It's official: Brad Keselowski joins Roush Fenway Racing as a part-owner

·3-min read

Brad Keselowski is officially a part-owner of Roush Fenway Racing.

The team announced Keselowski's arrival on Tuesday at the NASCAR Hall of Fame. The 2012 NASCAR Cup Series champion will drive the No. 6 car in 2022 and beyond as he moves over from Team Penske.

Team Penske announced that Keselowski would be leaving the team at the end of the season a week ago when it said that Austin Cindric would drive the No. 2 and Harrison Burton would drive the Wood Brothers' No. 21 in 2022.

“I am thrilled to be able to share the news about this next venture with my fans, peers, and the industry,” Keselowski said in a team statement. “This presents an opportunity to continue my on-track success with a strong team and a long-term commitment, but also dive into my passion of team ownership where I know I can be an asset to the future of the team. I am optimistic about what Jack, John and I can accomplish together, especially with a new era for our sport on the horizon [with the Next Gen car]. Our goal is to win races and compete for championships at NASCAR’s top level, and we plan to do just that.”

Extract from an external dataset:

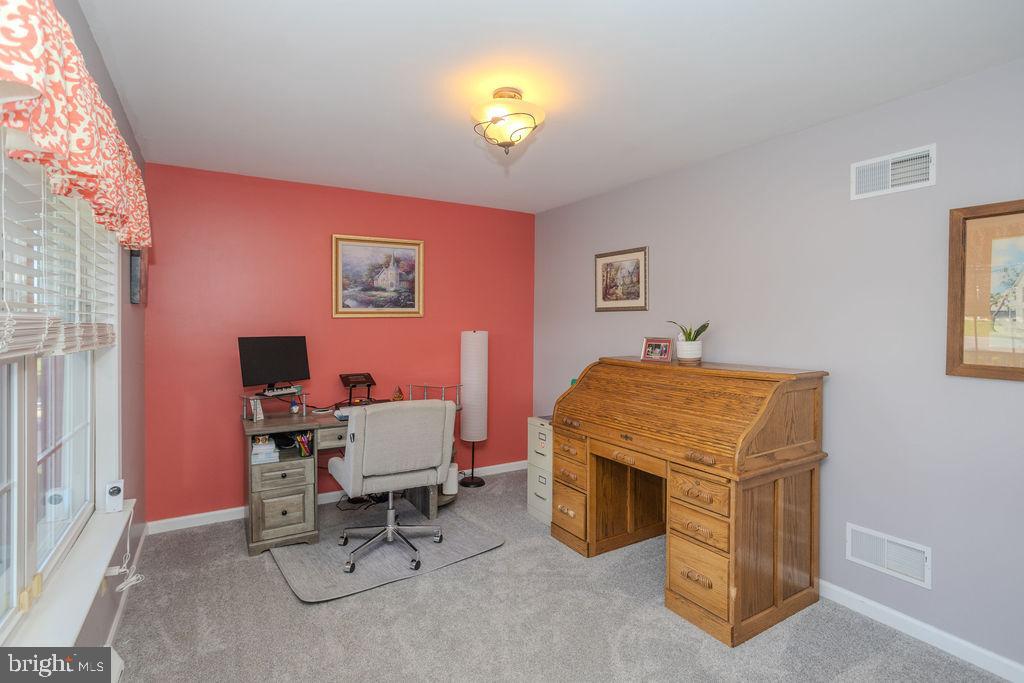 HAMPTON HILLS - Residential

Keselowski's move makes him the second active Cup Series star to take an ownership stake in a team in the last two seasons. Denny Hamlin and Michael Jordan formed 23XI Racing ahead of the 2021 season and hired Bubba Wallace to drive the No. 23 car. Keselowski is a minority owner of Roush Fenway Racing and will be a part of the team's competition committee.

Roush has fielded two cars for Ryan Newman and Chris Buescher over the last two seasons. The addition of Keselowski helps position the organization for the future and for NASCAR's new Cup Series car set to be introduced next season. Majority team owner Jack Roush is 79, and Keselowski now becomes the obvious long-term successor as the face of the team.

Can Roush get back to the top?

Keselowski, 37, has finished in the top 10 in the points standings in each of the past four seasons and has finished in the top 12 since he missed the playoffs in 2013. With 35 wins since 2009, Keselowski has established himself as a perennial title contender — something that Roush hasn’t had since Carl Edwards’ departure.

Roush was a dominant force in the 2000s. All five of its cars made the 10-team playoffs in 2005 and helped usher in an era where NASCAR capped Cup Series owners at four cars per team.

That 2005 season when Greg Biffle, Carl Edwards and Mark Martin finished 2-3-4 in the points standings to Tony Stewart ended up as the last peak for Roush. The team went from four full-time cars to three after the 2011 season and then shrunk to a two-car team after Greg Biffle’s departure at the end of the 2016 season.

Roush has operated as a two-car team since then and Ricky Stenhouse Jr. is the only driver to win for the team in the past four-plus seasons. Stenhouse’s win in the July Daytona race in 2017 is the last Cup Series win for the team.

Keselowski is clearly not joining Roush for the team to continue to run in the middle of the pack. And with NASCAR's new car, there's a chance that the team can reset and move back up the Cup Series ranks.

It won't be easy. Joe Gibbs Racing and Hendrick Motorsports will still be the top teams for Toyota and Chevy, respectively. And Roush is third in the Ford lineup behind Team Penske and Stewart-Haas Racing. Simply consistently outrunning the other Ford teams would be a great improvement.